Los cristianos no podemos permanecer indiferentes

Para las autoridades religiosas, “toda acción social, económica y política tienen que transformarse en un eje central del bienestar de la persona, antes que ideologías, discursos o estadísticas” y agregaron que “todos somos corresponsables para resolver la crisis de humanidad que enfrentamos: la familia, la escuela, los medios de comunicación, las iglesias -entre otros- somos actores sociales que tenemos una responsabilidad en la misión de forjar una cultura de esperanza y de paz”.

Los recientes casos, que han mostrado la brutalidad de los feminicidios y la violencia de género, conmovieron a la sociedad mexicana (Foto: Cuartoscuro)
Los recientes casos, que han mostrado la brutalidad de los feminicidios y la violencia de género, conmovieron a la sociedad mexicana (Foto: Cuartoscuro)

Y es que, en las últimas semanas, México se ha visto conmocionado por dos casos de feminicidio que impactaron al país por su brutalidad, ambos en la capital.
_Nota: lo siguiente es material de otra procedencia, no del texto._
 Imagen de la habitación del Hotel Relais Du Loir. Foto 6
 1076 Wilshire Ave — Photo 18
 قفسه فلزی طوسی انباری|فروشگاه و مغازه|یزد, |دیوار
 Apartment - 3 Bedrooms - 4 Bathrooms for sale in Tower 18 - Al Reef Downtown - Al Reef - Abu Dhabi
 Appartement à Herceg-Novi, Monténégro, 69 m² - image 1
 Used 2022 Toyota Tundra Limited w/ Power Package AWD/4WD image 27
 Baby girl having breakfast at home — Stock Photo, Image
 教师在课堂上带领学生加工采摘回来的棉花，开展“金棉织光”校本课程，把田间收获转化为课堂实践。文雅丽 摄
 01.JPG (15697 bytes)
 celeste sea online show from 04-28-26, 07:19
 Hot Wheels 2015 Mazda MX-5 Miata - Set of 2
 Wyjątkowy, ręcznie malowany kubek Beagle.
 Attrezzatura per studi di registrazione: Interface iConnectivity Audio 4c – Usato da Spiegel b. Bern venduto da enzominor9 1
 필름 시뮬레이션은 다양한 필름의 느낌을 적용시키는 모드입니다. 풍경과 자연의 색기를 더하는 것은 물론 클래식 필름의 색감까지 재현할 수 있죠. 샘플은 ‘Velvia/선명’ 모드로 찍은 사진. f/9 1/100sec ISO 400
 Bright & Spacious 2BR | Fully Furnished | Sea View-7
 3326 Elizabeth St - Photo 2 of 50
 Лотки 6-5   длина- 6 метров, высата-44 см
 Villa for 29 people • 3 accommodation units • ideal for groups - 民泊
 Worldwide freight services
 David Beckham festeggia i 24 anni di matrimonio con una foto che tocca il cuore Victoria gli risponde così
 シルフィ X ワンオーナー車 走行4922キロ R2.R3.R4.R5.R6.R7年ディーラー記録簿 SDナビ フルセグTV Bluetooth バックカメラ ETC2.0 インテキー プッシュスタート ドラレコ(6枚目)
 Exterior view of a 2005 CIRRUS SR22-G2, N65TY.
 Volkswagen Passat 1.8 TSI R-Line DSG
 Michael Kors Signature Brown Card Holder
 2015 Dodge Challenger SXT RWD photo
El primero fue el de Ingrid Escamilla, una mujer de 25 años que fue asesinada por su pareja y cuyas fotos, filtradas a la prensa, enfurecieron a la sociedad.

El segundo fue el de Fátima Cecilia, una niña de siete años que fue secuestrada a la salida de su escuela y cuyo cadáver apareció unos días después, con señales de abuso y violencia sexual.

En este contexto de violencia, no son extrañas las protestas públicas, pues tan sólo a finales del 2019 se registraron 1006 víctimas de feminicidio”, indicó la CEM. “Nos duele profundamente la violencia contra la mujer, que se ha expresado en un nuevo y agresivo rostro visible ante nuestros ojos, en una forma tan cruel que genera desconcierto, dolor, amargura, tristeza, llanto, indignación, impotencia y muchos deseos de venganza”, completaron.

Las autoridades religiosas
Las autoridades religiosas "alzaron la voz" contra los feminicidios y la violencia de género en el país (Foto: Victoria Valtierra/ Cuartoscuro)

Para los obispos, la realidad que atraviesa el país en este sentido enfrenta a la sociedad a una “auténtica emergencia educativa”, “pues se han perdido los referentes básicos de la convivencia humana: la verdad, la bondad y la belleza”.

En México tenemos una visión muy estrecha de la educación, pues suele reducirse al marco de la institución escolar. No negamos la importancia de ella, pero no es suficiente. Reconocemos la necesidad de una base educativa que implique la vida familiar

La Iglesia Católica se comprometió a “impulsar la primera infancia como un urgente desafío para procurar, además de su protección, también su desarrollo humano, integral y solidario”. Además, buscarán confirmar ese compromiso "de manera más acelerada y seria.

También nos comprometemos a llevar nuestros Centros de escucha y nuestros centros de Atención a personas adictas para ofrecer atención a las víctimas de las violencias a cada rincón del país, y ofrecer un esfuerzo por colaborar a restablecer el tejido social

La carta fue firmada por el presidente del CEM y arzobispo de Monterrey, Rogelio Cabrera López, además del vicepresidente de la organización y arzobispo de Morelia, Carlos Garfias Merlos. Alfonso G. Miranda, el secretario general de la Conferencia; el monseñor Guillermo Ortiz, responsable de fe y compromiso social; y Enrique Díaz, responsable de la pastoral educativa y de cultura, también rubricaron el documento.